Our classes are so small that our professors know us pretty well. They read our various assignments, talk to us, listen to us, and we participate in seminars together. They don't need midterms to know how we're doing.
3. But what's your major?
Luckily, I don't have to declare a major. Instead, I will probably spend time working with several related fields over the next year or so until I find the field that's just right for me. We've come a long way since kindergarten, when we were given just a few options for what we could be when we grew up (doctor/nurse/veterinarian, teacher, astronaut, princess). There are jobs in the future that haven't even been created yet; maybe I'll be doing that. Evergreen prepares me to create my own future instead of making me a cookie cut-out.

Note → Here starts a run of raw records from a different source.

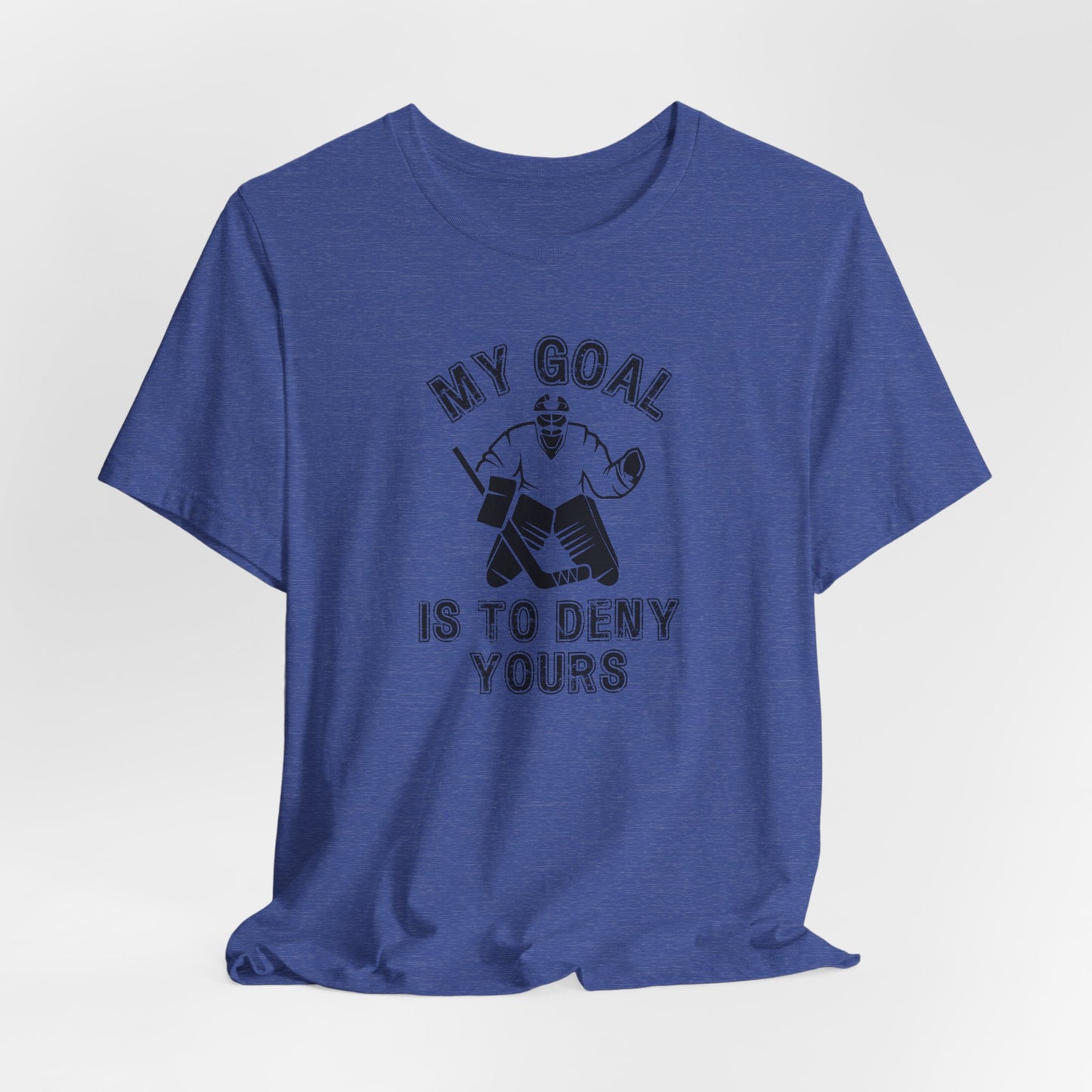 My Goal is to Deny Yours Hockey Goalie Shirt (Adult)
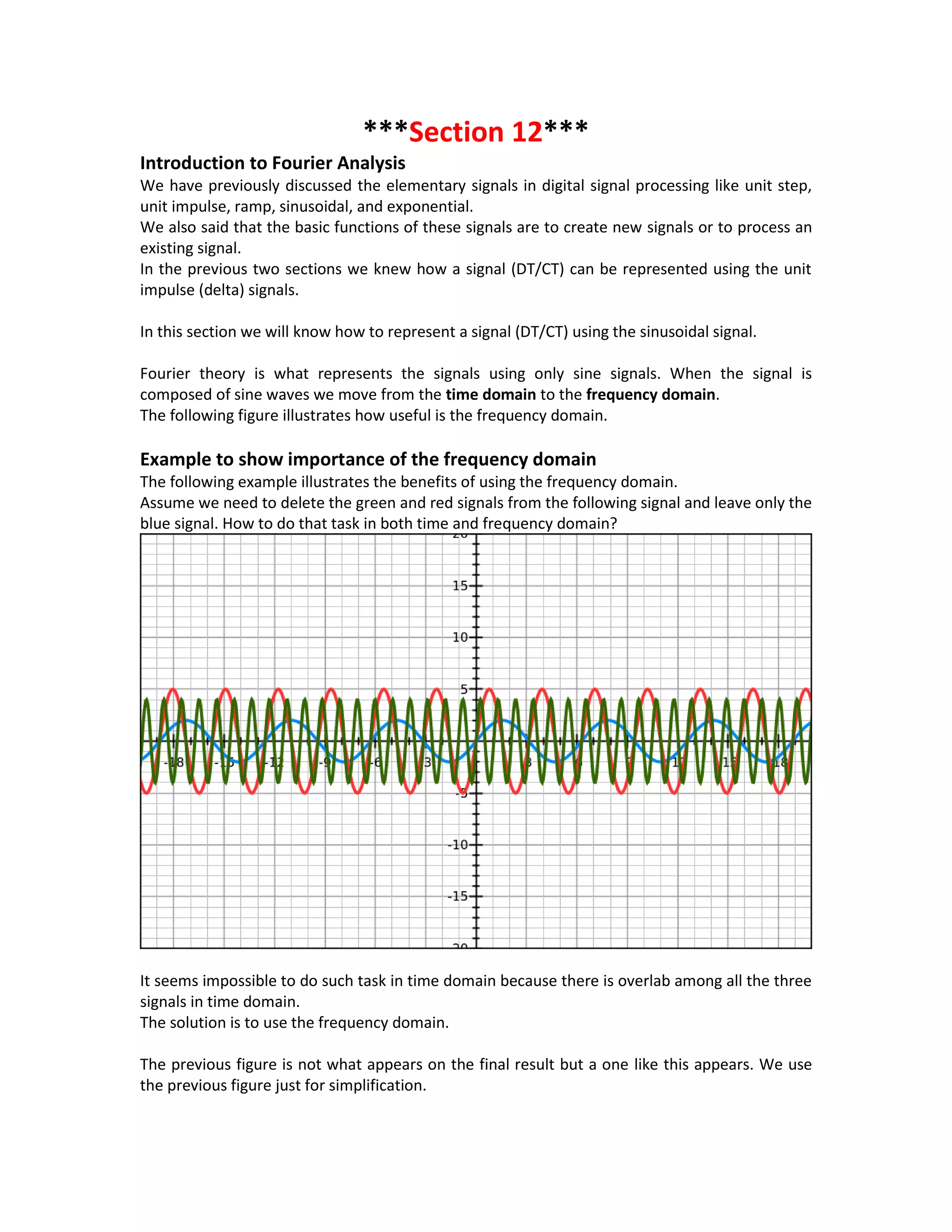 ***Section 12***
Introduction to Fourier Analysis
We have previously discussed the elementary signals in digital signal processing like unit step,
unit impulse, ramp, sinusoidal, and exponential.
We also said that the basic functions of these signals are to create new signals or to process an
existing signal.
In the previous two sections we knew how a signal (DT/CT) can be represented using the unit
impulse (delta) signals.
In this section we will know how to represent a signal (DT/CT) using the sinusoidal signal.
Fourier theory is what represents the signals using only sine signals. When the signal is
composed of sine waves we move from the time domain to the frequency domain.
The following figure illustrates how useful is the frequency domain.
Example to show importance of the frequency domain
The following example illustrates the benefits of using the frequency domain.
Assume we need to delete the green and red signals from the following signal and leave only the
blue signal. How to do that task in both time and frequency domain?
It seems impossible to do such task in time domain because there is overlab among all the three
signals in time domain.
The solution is to use the frequency domain.
The previous figure is not what appears on the final result but a one like this appears. We use
the previous figure just for simplification.
 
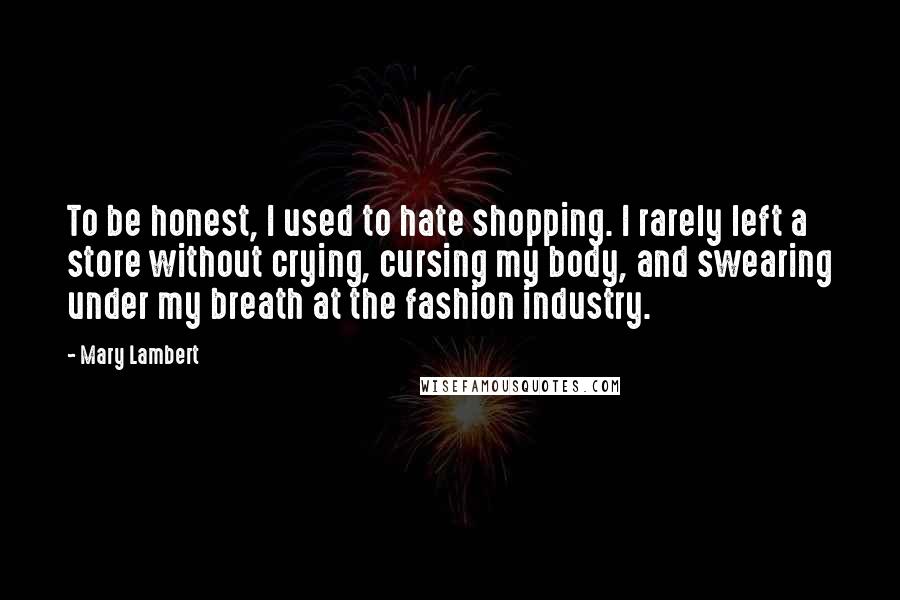 Mary Lambert Quotes: To be honest, I used to hate shopping. I rarely left a store without crying, cursing my body, and swearing under my breath at the fashion industry.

4. Oh yeah? How does it do that?
For starters, we have to be able to take a stand in seminar and defend our ideas in public. That can be hard. But it's a skill I'll need no matter what I end up doing. At the end of each quarter, we do public presentations of our work within a specific time frame. Being able to gather information and present that information in a timely way (whatever it is, from a performance to a speech) is another skill I'll probably need. We work collaboratively with people who are fairly different from us in the class. Every work situation requires collaboration, and it is actually the #1 skill that any employer needs from a college graduate. We collaborate all the time, and we're getting pretty good at it already. We are learning to accept that not everything about a given class at Evergreen is instantly relevant to our learning, or our lives; instead, it might not be relevant for another five (or ten, or twenty) years. We're trying to take a somewhat longer view of things; so far, it's working. And if you like, I can show you some of my work, or maybe we can rent "Black Orpheus" and I can tell you all about liminality, archetypes, Apollonian and Dionysian cosmology, dancing along the axis mundi, the descent to the underworld, trance and spirituality, and the difference between men singing with plucked stringed instruments, and female drummers.
5. You're weird.
Thank you! I certainly hope so. And by the way, what grade did YOU get on your midterms?